The writer, a professor at Harvard, goes on to say “Americans need to learn how to discover”. But he does see something changing in the right direction.

Against this arresting background, an exciting new kind of learning is taking place in America. Alternatively framed as maker classes, after-school innovation programs, and innovation prizes, these programs are frequently not framed as learning at all. Discovery environments are showing up as culture and entertainment, from online experiences to contemporary art installations and new kinds of culture labs. Perhaps inevitably, the process of discovery — from our confrontation with challenging ambiguous data, through our imaginative responses, to our iterative and error-prone paths of data synthesis and resolution — has turned into a focus of public fascination.

Certainly these “discovery” programs are showing up in many schools. But they are not part of “regular” school. They are classes for a special group of kids (generally those who we know will already pass the tests), after-school programs, or occasional reward activities.
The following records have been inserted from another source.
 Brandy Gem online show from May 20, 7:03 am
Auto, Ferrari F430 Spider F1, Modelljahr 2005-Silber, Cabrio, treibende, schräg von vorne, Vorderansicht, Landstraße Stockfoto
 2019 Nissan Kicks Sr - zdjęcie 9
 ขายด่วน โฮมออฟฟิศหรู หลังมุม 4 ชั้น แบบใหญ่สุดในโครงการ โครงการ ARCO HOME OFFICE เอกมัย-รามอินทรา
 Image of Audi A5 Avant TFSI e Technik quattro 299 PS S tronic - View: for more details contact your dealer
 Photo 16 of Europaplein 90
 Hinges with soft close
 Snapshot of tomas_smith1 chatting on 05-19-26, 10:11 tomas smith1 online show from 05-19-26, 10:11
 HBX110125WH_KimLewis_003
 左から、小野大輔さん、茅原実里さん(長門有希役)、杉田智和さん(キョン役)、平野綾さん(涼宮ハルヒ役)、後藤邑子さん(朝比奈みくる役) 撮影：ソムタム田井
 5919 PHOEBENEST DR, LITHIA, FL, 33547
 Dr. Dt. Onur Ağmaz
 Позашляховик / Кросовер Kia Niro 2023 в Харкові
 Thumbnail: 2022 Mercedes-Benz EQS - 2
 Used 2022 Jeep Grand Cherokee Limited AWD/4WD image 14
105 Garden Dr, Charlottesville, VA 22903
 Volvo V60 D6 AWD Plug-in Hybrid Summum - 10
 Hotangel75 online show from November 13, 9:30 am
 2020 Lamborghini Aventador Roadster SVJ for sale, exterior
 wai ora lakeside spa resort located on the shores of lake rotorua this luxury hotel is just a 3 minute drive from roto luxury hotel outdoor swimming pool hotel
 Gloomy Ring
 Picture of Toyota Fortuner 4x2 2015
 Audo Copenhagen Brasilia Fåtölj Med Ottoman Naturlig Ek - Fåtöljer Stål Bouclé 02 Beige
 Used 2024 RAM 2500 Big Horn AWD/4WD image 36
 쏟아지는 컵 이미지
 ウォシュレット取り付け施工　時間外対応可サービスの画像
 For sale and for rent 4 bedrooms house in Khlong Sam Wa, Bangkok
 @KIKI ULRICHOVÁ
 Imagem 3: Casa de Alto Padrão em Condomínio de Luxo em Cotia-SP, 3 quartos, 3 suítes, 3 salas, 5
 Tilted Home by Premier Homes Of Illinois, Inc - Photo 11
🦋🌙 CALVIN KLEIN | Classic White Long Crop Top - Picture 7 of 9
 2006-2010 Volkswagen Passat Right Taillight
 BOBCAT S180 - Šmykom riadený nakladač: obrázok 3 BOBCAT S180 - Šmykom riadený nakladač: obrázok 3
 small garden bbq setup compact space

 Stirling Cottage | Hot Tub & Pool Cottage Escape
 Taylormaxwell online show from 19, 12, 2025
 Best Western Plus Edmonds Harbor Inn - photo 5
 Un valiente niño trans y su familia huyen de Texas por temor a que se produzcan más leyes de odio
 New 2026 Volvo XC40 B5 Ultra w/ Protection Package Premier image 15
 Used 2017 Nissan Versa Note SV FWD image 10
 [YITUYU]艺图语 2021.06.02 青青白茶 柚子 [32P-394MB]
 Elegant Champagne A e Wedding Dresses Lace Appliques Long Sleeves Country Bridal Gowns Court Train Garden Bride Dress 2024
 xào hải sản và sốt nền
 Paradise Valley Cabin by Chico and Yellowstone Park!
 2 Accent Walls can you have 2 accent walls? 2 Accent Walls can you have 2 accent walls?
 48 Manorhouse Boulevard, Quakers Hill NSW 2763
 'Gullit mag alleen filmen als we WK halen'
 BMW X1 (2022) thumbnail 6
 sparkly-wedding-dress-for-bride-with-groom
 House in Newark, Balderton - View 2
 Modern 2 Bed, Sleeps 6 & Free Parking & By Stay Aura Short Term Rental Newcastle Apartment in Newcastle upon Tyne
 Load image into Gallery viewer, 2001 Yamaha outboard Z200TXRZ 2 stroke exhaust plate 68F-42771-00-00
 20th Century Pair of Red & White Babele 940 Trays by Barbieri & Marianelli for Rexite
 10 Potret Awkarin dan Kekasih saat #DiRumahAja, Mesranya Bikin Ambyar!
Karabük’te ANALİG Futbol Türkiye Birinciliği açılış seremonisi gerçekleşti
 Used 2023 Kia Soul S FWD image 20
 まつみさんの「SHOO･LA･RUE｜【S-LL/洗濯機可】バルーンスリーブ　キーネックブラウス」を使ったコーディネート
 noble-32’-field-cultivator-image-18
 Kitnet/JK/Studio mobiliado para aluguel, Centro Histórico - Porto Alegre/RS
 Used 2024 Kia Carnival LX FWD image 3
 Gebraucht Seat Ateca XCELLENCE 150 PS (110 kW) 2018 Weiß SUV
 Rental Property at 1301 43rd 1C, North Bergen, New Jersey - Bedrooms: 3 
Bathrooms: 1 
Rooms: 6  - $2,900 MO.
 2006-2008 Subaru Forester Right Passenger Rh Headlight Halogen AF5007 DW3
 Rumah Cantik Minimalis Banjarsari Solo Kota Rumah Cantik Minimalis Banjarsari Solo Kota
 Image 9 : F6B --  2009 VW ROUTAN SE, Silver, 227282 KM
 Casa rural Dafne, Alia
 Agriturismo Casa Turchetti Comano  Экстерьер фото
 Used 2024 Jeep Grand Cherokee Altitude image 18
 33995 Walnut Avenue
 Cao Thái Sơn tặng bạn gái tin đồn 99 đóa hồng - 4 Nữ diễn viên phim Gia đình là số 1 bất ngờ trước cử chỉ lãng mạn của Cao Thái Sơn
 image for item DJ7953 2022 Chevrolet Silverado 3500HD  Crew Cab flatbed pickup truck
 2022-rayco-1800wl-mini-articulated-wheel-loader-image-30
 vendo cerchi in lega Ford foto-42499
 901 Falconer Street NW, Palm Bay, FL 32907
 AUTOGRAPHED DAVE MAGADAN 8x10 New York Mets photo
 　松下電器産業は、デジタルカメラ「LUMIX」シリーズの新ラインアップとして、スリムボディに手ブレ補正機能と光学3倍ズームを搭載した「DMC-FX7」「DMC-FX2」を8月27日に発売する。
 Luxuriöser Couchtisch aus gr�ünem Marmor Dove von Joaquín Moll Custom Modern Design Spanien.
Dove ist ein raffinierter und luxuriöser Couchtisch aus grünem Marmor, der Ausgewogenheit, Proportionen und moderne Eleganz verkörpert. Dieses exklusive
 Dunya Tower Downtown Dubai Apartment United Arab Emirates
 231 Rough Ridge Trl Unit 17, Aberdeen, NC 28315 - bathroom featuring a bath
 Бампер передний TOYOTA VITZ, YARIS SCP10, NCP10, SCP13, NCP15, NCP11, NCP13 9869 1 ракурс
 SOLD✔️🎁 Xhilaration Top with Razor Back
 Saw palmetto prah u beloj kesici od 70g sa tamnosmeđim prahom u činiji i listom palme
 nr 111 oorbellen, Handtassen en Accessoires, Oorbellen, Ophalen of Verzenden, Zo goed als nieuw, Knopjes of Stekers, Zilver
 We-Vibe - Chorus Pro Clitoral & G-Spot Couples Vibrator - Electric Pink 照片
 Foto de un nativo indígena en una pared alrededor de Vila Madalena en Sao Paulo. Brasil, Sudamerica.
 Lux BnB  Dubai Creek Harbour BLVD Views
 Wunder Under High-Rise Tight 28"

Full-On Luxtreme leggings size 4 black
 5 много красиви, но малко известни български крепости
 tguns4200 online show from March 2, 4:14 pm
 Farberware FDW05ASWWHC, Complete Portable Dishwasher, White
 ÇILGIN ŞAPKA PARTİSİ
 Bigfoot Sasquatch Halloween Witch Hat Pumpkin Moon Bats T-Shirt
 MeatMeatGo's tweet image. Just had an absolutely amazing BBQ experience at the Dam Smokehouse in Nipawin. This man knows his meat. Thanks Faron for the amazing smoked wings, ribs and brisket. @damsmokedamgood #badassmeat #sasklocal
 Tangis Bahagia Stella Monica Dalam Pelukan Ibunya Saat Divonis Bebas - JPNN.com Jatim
The last part of the article focuses on changes at the college level but he discusses one very interesting idea that should be brought into K12.

All this has led to the rise of the culture lab.

Culture labs conduct or invite experiments in art and design to explore contemporary questions that seem hard or even impossible to address in more conventional science and engineering labs.

Instead of starting with memorizing facts and processes, then using them on totally artificial applications, why not ask students below the college level to address those contemporary questions? Why not ask them to investigate the parts of the world about which they are curious as part of “regular” school?

Instead of making discovery learning a supplement for only select kids.